▶ [Input]:
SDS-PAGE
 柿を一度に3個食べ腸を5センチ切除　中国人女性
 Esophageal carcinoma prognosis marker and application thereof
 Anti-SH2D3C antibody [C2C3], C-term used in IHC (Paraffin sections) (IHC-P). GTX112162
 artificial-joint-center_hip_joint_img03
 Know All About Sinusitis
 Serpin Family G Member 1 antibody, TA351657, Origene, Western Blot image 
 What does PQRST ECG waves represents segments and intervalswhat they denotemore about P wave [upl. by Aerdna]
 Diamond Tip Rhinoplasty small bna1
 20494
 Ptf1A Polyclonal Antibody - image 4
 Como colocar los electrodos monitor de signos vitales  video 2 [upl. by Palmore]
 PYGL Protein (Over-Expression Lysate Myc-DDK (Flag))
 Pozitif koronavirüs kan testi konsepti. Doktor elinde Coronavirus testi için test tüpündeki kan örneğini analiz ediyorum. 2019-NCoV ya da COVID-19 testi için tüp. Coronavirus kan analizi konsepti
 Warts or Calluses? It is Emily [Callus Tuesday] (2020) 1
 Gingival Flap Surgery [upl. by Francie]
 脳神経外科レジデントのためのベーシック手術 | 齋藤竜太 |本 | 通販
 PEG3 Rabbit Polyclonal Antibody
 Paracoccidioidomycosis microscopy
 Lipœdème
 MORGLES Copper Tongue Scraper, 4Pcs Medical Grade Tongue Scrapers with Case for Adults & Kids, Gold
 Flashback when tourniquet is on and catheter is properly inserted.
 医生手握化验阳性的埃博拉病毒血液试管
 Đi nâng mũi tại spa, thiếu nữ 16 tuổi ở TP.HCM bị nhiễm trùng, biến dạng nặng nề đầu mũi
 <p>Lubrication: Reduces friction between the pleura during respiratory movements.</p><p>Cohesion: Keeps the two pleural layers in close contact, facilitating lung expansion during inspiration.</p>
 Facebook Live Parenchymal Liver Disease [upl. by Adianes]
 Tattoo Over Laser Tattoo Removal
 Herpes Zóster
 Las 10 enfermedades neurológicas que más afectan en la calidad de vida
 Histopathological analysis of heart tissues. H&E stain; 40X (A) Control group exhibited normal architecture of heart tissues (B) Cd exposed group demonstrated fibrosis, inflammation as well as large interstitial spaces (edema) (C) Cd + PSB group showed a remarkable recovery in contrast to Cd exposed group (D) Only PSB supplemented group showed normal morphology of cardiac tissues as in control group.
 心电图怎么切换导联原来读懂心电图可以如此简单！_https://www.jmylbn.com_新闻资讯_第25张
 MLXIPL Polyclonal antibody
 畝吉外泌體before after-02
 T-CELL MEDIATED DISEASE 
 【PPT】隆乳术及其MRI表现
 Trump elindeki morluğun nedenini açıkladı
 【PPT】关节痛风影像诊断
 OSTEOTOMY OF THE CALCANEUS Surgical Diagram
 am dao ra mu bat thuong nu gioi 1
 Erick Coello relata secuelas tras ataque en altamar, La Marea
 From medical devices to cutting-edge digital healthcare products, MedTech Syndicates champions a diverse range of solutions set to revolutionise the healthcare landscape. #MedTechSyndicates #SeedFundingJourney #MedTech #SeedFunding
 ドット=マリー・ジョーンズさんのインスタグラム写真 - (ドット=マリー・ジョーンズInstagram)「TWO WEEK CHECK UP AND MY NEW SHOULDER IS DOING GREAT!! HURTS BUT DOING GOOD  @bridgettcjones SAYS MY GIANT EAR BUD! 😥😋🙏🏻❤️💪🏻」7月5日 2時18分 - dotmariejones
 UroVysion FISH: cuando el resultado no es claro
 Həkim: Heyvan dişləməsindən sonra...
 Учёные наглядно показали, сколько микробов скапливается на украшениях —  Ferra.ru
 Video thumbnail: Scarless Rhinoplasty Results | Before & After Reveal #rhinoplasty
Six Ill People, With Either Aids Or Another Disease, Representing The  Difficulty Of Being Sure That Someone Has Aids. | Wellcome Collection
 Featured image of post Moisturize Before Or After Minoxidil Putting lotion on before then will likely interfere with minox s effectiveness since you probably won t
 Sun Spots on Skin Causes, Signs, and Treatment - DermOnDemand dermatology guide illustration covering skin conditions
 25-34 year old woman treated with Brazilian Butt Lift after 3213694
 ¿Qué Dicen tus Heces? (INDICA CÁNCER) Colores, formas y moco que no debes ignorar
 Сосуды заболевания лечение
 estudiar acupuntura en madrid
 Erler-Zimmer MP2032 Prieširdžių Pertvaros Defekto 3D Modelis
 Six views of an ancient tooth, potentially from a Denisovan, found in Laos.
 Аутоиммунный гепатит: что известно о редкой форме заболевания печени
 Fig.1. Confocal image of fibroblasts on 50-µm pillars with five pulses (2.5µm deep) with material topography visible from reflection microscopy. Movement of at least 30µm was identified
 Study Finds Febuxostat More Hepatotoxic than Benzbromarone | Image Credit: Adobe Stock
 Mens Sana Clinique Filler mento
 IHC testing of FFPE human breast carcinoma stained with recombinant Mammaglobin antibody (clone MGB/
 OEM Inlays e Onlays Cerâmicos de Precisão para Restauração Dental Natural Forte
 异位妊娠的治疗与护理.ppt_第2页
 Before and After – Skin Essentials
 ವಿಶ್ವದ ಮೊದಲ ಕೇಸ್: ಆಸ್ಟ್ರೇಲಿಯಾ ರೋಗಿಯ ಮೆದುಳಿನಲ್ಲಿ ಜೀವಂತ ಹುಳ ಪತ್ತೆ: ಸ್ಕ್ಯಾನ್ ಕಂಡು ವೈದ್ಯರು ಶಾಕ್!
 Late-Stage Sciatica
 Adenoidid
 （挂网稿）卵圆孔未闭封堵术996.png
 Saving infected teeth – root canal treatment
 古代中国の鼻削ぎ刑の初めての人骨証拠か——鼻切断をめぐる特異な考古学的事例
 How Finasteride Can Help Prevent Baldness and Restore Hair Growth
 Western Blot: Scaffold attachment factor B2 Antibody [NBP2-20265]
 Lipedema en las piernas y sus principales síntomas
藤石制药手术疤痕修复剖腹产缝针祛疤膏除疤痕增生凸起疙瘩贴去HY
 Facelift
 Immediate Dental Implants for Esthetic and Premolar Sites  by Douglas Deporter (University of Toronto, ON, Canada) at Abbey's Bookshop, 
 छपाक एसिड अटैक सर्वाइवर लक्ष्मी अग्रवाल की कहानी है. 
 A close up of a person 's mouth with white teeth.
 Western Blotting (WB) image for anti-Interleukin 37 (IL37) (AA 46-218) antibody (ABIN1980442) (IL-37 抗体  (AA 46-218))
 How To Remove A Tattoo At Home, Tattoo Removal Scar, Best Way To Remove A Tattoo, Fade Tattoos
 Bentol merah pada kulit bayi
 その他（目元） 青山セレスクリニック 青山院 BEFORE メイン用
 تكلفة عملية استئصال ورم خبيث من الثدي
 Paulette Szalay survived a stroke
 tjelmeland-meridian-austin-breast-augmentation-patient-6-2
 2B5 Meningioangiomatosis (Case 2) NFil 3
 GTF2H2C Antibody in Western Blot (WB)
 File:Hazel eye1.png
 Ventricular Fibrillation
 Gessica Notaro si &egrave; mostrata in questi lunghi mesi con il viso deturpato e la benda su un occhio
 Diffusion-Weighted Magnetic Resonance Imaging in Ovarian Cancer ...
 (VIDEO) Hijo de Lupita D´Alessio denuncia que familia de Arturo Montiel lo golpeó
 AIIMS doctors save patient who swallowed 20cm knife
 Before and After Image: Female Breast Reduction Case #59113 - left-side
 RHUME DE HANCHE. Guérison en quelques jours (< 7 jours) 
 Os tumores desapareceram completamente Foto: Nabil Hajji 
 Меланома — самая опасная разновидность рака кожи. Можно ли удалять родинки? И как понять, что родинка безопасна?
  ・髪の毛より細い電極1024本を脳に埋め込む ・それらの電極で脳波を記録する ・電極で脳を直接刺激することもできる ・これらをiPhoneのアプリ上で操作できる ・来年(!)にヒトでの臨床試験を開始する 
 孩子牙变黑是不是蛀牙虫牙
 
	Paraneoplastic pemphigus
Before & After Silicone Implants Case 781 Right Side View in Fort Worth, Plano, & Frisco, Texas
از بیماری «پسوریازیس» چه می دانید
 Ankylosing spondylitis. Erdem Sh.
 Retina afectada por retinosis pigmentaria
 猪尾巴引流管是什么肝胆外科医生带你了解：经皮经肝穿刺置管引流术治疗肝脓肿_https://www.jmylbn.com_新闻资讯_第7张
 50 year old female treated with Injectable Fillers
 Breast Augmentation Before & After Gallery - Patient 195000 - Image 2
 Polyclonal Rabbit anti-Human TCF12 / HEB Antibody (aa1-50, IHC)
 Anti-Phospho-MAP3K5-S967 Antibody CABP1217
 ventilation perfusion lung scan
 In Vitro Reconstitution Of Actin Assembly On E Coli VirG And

▶ [To do]: Reprint exactly the lines above that start at the one with "File:Hazel eye1.png" and end at the one with "猪尾巴引流管是什么肝胆外科医", keeping both and adding none.

▶ [Answer box]:
 File:Hazel eye1.png
 Ventricular Fibrillation
 Gessica Notaro si &egrave; mostrata in questi lunghi mesi con il viso deturpato e la benda su un occhio
 Diffusion-Weighted Magnetic Resonance Imaging in Ovarian Cancer ...
 (VIDEO) Hijo de Lupita D´Alessio denuncia que familia de Arturo Montiel lo golpeó
 AIIMS doctors save patient who swallowed 20cm knife
 Before and After Image: Female Breast Reduction Case #59113 - left-side
 RHUME DE HANCHE. Guérison en quelques jours (< 7 jours) 
 Os tumores desapareceram completamente Foto: Nabil Hajji 
 Меланома — самая опасная разновидность рака кожи. Можно ли удалять родинки? И как понять, что родинка безопасна?
  ・髪の毛より細い電極1024本を脳に埋め込む ・それらの電極で脳波を記録する ・電極で脳を直接刺激することもできる ・これらをiPhoneのアプリ上で操作できる ・来年(!)にヒトでの臨床試験を開始する 
 孩子牙变黑是不是蛀牙虫牙
 
	Paraneoplastic pemphigus
Before & After Silicone Implants Case 781 Right Side View in Fort Worth, Plano, & Frisco, Texas
از بیماری «پسوریازیس» چه می دانید
 Ankylosing spondylitis. Erdem Sh.
 Retina afectada por retinosis pigmentaria
 猪尾巴引流管是什么肝胆外科医生带你了解：经皮经肝穿刺置管引流术治疗肝脓肿_https://www.jmylbn.com_新闻资讯_第7张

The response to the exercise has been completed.